● **Provided data**:
════════════════

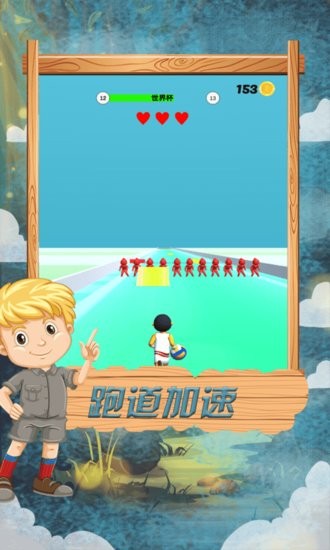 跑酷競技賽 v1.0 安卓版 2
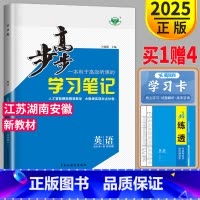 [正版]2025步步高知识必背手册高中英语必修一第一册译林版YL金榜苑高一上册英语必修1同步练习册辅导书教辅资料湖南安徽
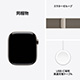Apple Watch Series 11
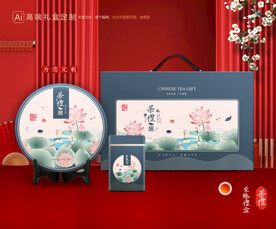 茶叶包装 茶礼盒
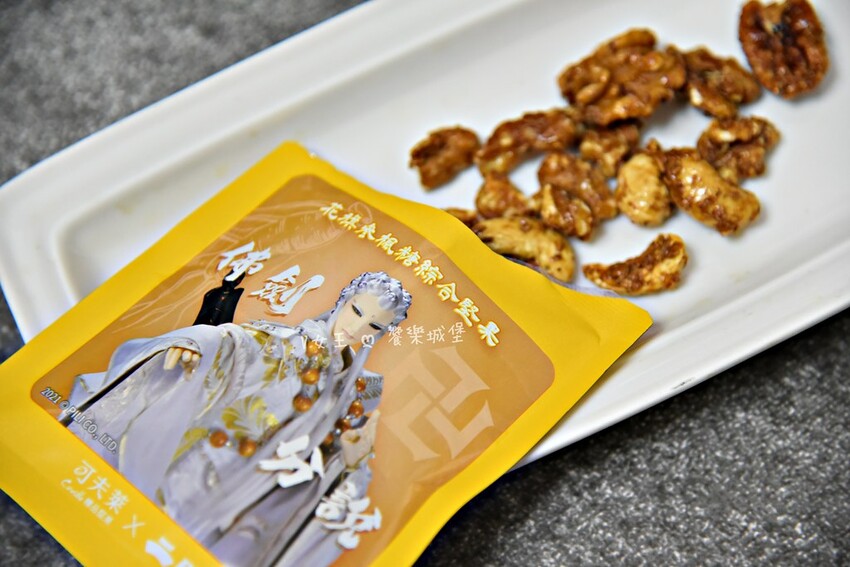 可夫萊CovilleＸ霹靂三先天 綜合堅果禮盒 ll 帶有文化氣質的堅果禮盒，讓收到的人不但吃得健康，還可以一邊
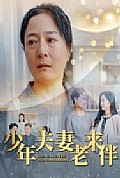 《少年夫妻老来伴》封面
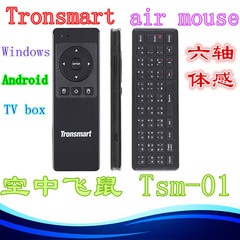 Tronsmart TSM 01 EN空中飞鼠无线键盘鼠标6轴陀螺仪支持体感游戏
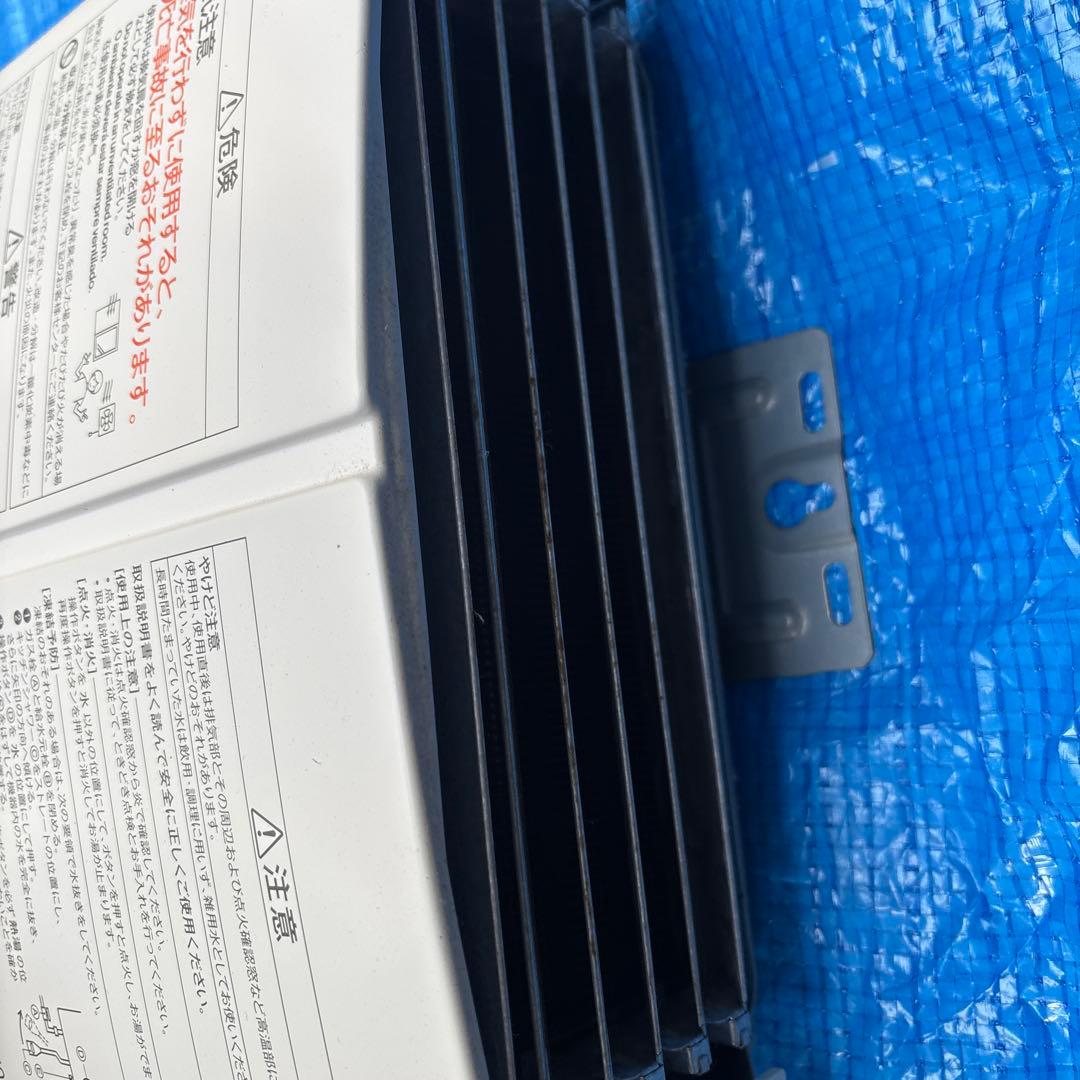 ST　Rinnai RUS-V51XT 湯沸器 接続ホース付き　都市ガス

════════════════

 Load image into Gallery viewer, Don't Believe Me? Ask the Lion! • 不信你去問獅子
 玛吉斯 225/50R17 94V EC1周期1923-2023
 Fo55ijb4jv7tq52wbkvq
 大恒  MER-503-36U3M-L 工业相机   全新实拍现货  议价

════════════════

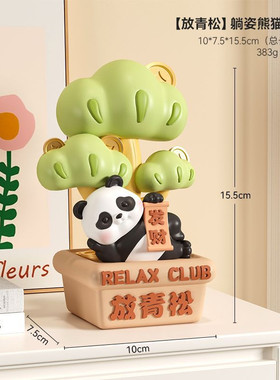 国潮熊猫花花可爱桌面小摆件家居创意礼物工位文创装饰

════════════════

● **What is required**:
From the records above, output only the lines starting at the one containing "Apple Watch Series 11" and ending at the one containing "ST　Rinnai RUS-V51XT 湯沸器 接続ホース付き　都市ガス", word for word. Pictures stay out.

● **Task output**:
Apple Watch Series 11
 茶叶包装 茶礼盒
 可夫萊CovilleＸ霹靂三先天 綜合堅果禮盒 ll 帶有文化氣質的堅果禮盒，讓收到的人不但吃得健康，還可以一邊
 《少年夫妻老来伴》封面
 Tronsmart TSM 01 EN空中飞鼠无线键盘鼠标6轴陀螺仪支持体感游戏
 ST　Rinnai RUS-V51XT 湯沸器 接続ホース付き　都市ガス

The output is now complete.